The system consists of two phases: training phase and operational phase. It uses confirmed cases of malicious and legit ASes as ground truth for training and extracts features based on their domain knowledge. Example features include: Rewriting Changes, BGP Routing Dynamics and IP Space Fragmentation, which are explained in following paragraphs. Then using these matrices, the operational phase generates AS reputation report. These domain knowledge include:
Rewriting Changes/Link Connectivity: maclicious ASes tend to change connectivity more aggressively than legit ASes. To measure this, they take snapshots of connectivity. For example, the measurement takes as follows:
- Monitor the last x snapshots
- collect all providers
- measure fraction of snapshots with each provider
Then the link connectivity is represented by three features from the distribution.
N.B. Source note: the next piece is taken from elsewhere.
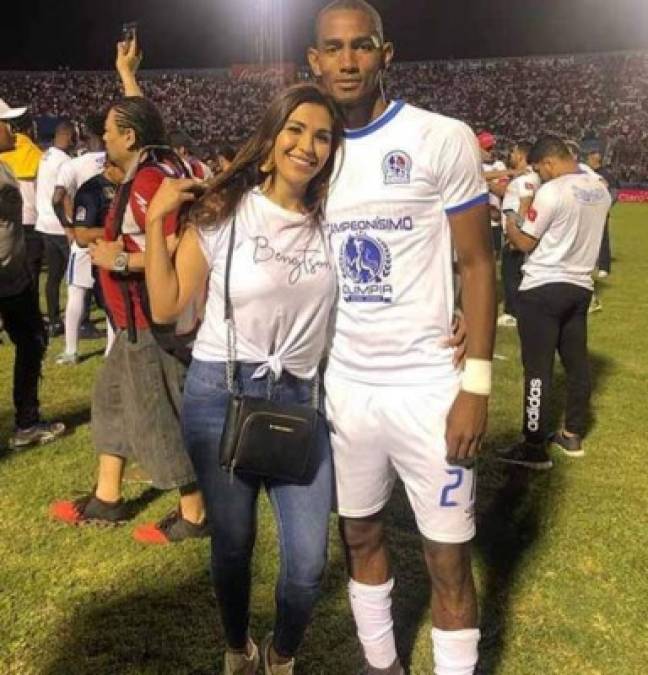 Jerry Bengtson: El delantero del Olimpia junto a su bella esposa Yarely Espinal.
BGP Routing Dynamics: Malicious ASes routing dynamics are driven by illicit operations, in contrast, legit ASes dynamics are driven by policy changes, traffic engineering decisions.
Fragmentation and churn of advertised prefixes: Malicious ASes rotate their advertised prefixed, e.g., to avoid evasion, blacklisting; and they advertise large number of non-contiguous prefixes.
Using features like above, they train the classifiers and evaluate with cross-validation. The accuracy is 93% true positive and 5% false positive. They also investigate which features are important by including/excluding each feature family separately to see the performance change. The result shows that the most important features are the connectivity features in terms of true positive rate. Fragmentation and churn of advertised prefixes are less important than connectivity, but helps to lower false positives.
Q: How does the algorithm adapt as people become aware of the work? There are some security problems like tricking the algorithm.
A: The malicious behaviors themselves are very hard to change.
follow-up: What if the criminals don’t do these misbehaviors to avoid the detection? (take offline)
Q: Have you look into the patterns of these hosting ASes? Who are more frequent providers, who are legit provider?
A: No, it more complex than single provider examination. Yes, there are some providers tend to have more malicious ASes; what is happening is more likely that your may have legiti provider hosting malicious ASes without knowing.
Q: Say one AS that is malicious, don’t want to get routed? BGP has no guarantee the path we analyze is the path it’s gonna take, so what can I do?
A: We didn’t try to answer that question. What we were trying to do is to see how we can use the connectivity and BGP updates can be used to detect malicious ASes.
Q: Do you have or intend to provide some one-paragrah recommendation to the policy makers(ISP community), so they can use these intuitions.
A: That's a good question, we haven’t examined that path. There are similar questions like how to configure reliable AS protections.